■ **TRY IT**: Take the entries below and print only the lines from the one with "פנסיון Emfuleni Hilton Guest House" through the one with "KURT ADLER -MEDIAS", exactly as they stand, both ends included.

[[ SOURCE DATA open ]]

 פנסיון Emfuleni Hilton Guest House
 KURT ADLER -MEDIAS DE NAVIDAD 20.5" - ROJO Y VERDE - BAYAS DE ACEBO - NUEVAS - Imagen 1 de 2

[[ SOURCE DATA closed ]]
[[ SOURCE DATA open ]]

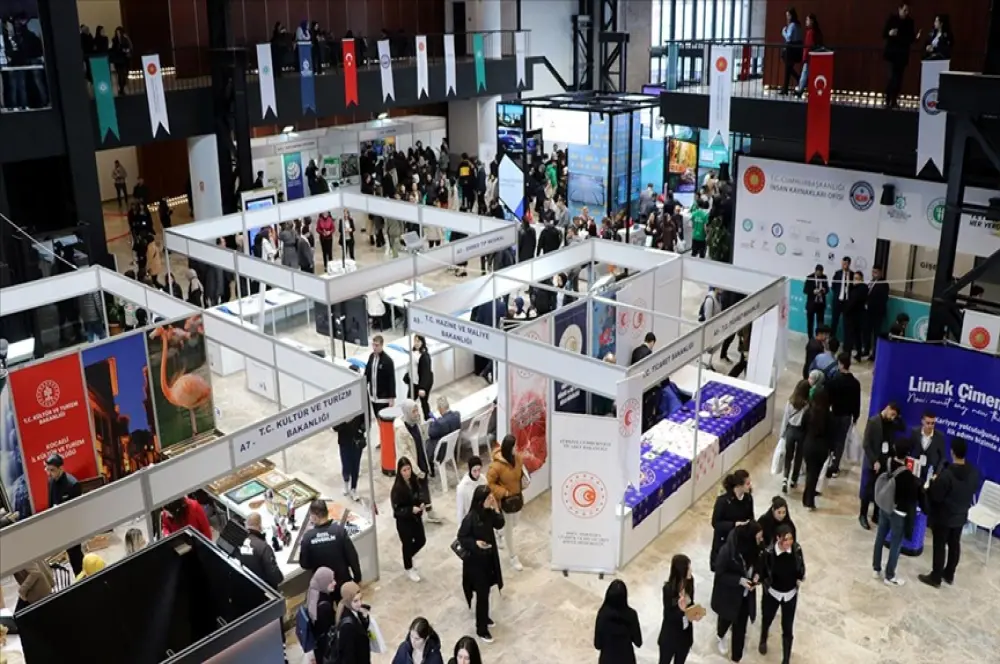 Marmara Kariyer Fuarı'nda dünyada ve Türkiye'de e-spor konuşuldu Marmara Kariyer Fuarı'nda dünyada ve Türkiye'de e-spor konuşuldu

[[ SOURCE DATA closed ]]

■ **RESULT OF THE TASK**:
 פנסיון Emfuleni Hilton Guest House
 KURT ADLER -MEDIAS DE NAVIDAD 20.5" - ROJO Y VERDE - BAYAS DE ACEBO - NUEVAS - Imagen 1 de 2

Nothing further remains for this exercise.